*** Supplied material

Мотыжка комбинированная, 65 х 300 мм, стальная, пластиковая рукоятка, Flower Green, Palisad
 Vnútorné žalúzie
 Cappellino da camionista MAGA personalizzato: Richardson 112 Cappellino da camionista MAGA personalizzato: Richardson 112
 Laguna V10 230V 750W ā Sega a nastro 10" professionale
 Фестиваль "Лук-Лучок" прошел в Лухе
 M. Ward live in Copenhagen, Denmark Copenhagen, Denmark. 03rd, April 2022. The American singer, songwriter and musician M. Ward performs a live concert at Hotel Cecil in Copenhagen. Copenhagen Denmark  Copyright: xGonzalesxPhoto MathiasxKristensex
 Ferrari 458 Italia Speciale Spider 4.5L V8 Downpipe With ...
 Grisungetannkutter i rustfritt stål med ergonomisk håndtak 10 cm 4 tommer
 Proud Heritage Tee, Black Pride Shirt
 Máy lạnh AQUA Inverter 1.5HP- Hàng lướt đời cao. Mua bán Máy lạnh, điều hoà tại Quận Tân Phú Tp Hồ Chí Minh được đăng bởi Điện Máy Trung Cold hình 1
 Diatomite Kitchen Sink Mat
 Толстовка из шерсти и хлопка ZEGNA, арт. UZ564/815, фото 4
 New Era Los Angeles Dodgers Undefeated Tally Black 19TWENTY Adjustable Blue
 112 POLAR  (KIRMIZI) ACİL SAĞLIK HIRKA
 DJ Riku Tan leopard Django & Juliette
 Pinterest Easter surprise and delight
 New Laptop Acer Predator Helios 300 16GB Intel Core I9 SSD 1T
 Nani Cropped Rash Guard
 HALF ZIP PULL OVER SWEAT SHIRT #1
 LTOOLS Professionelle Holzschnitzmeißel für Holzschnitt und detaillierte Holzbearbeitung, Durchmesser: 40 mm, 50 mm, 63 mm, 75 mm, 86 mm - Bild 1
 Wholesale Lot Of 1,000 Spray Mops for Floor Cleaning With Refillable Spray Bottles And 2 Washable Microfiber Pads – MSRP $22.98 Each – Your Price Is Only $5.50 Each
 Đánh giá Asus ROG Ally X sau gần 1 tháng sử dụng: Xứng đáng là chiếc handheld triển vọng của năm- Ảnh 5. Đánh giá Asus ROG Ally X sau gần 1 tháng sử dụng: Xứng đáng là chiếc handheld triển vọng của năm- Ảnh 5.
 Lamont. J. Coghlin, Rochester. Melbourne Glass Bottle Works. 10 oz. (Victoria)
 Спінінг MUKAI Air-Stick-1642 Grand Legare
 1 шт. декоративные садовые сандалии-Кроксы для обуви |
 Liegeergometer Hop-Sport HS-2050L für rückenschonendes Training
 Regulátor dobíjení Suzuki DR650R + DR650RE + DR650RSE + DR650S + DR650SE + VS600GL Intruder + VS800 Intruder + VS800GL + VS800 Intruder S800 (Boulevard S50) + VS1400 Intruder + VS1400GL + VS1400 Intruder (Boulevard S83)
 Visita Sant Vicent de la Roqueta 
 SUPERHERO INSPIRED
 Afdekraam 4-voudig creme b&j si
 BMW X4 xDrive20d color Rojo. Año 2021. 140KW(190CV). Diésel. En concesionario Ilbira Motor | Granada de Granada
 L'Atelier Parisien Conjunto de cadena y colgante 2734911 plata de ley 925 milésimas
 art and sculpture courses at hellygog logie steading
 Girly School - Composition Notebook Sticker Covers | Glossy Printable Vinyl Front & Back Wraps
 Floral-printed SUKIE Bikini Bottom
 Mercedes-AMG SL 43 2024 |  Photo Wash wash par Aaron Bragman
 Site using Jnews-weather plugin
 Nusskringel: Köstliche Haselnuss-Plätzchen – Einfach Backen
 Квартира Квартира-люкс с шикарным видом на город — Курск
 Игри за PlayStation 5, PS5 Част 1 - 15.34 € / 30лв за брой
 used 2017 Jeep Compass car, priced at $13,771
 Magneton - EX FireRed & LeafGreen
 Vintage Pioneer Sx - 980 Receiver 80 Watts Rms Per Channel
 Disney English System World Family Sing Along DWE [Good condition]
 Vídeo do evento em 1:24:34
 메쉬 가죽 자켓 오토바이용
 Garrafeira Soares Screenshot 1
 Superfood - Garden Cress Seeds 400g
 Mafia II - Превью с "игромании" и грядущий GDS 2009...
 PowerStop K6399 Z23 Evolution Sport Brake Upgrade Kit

******

# Exercise objective
Report every line containing the string "With" in the material.

# Solution to this exercise
 Ferrari 458 Italia Speciale Spider 4.5L V8 Downpipe With ...
 Wholesale Lot Of 1,000 Spray Mops for Floor Cleaning With Refillable Spray Bottles And 2 Washable Microfiber Pads – MSRP $22.98 Each – Your Price Is Only $5.50 Each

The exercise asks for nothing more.